Paul Anderson, review of A Flea in Her Ear by Georges Feydeau (Old Vic) , Tribune 25 August 1989
Georges Feydeau was a contemporary of Alfred Jerry and Sigmund Freud, and his work, like Jarry's and Freud's, was much admired by later surrealists and absurdists. Eugene Ionesco, for example, described Feydeau as "the true precursor of the Marx Brothers and other American comedians, in whose work everything starts with apparent casualness, only to end up in a state of precipitation — which may well be an accurate caricature of our own agitation, our gallop towards the abyss".
So why not go for an uncompromising modernist interpretation of A Flea in Her Ear? That is certainly what Richard Jones has tried with his Old Vic production, which goes out of its way to emphasise the serious modern core of Feydeau's farce.
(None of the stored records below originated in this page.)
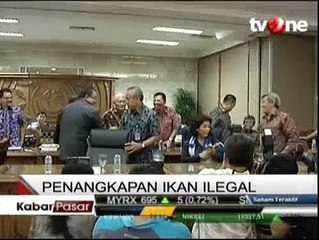 Kapal Asing Penangkap Ikan Ilegal Akan Ditenggelamkan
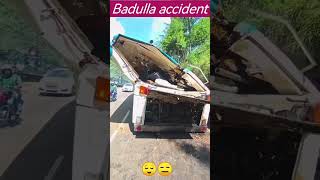 Badulla accident Bus 😑 අනතුරෙන් මියගිය සිසුන් ට නිවන්සුව [upl. by Kazimir]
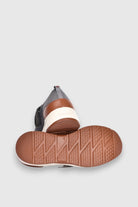 gran sasso muske pletene patike tamno siva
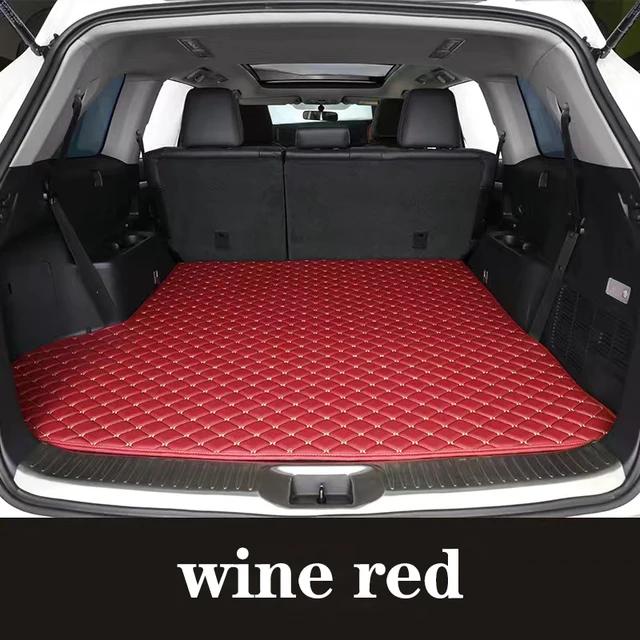 Leather Car Trunk Mat For For Haval H6   Full Coverage  Auto Interior Accessorie Styling Anti-Slip Waterproof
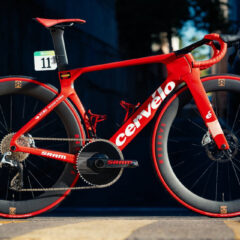 Cervélo S5 de Vingegaard en La Vuelta a España
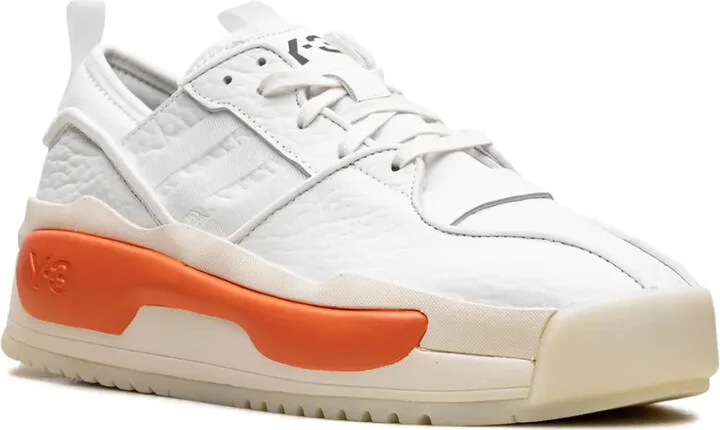 Y-3 Hokorivalry "White/Orange" sneakers - Image 2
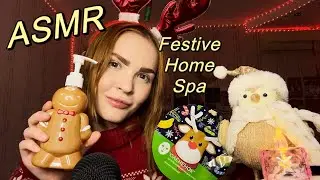 ASMR 🎄Relaxing Home Spa After Christmas 🎄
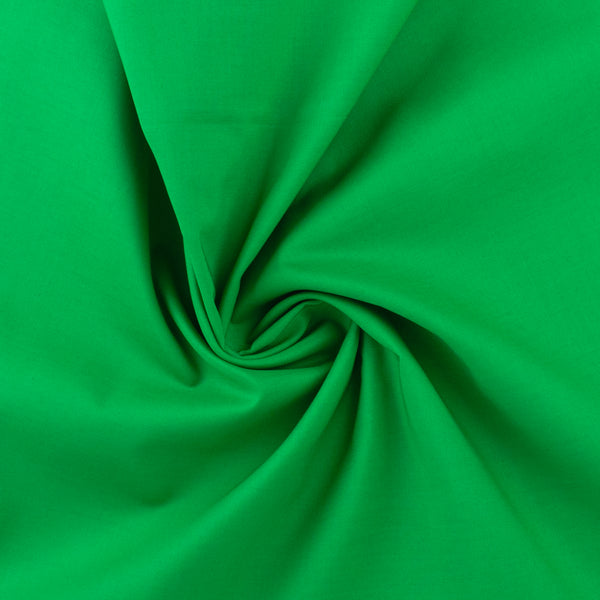 Classic Cotton Solid - SEW - 017 - Kelly Green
Out go the stuffy interiors and costumes normally associated with fin de siecle French vaudeville; in come some exquisite sets from the Brothers Quay (an elegant office and the seediest brothel imaginable) and some gloriously improbable over-the-top outfits (at least for the women) by Sue Blanc. Instead of presenting believable characters in an improbable situation, as Feydeau intended, the play becomes the nightmare story of Victor Emmanuel Chandebise's fantasy of sexual impotence, peopled by ghoulish caricatures. The whole thing is taken at about half the normal farce pace.
All this works particularly well where the caricatures are particularly cruel — as with Kevin William's psychotic hot-blooded Carlos Homenides De Histangua, Phelim McDermott's ineffectual Camille Chandebise and Matthew Scurfield's sadistic brothel-keeper.
There are times when no amount of clowning can make up for the (deliberate) lack of characterisation in Feydeau's parts and times (remarkably few) when the play is simply too slow but, on the whole, Jones's unorthodox treatment is both instructive and hugely entertaining.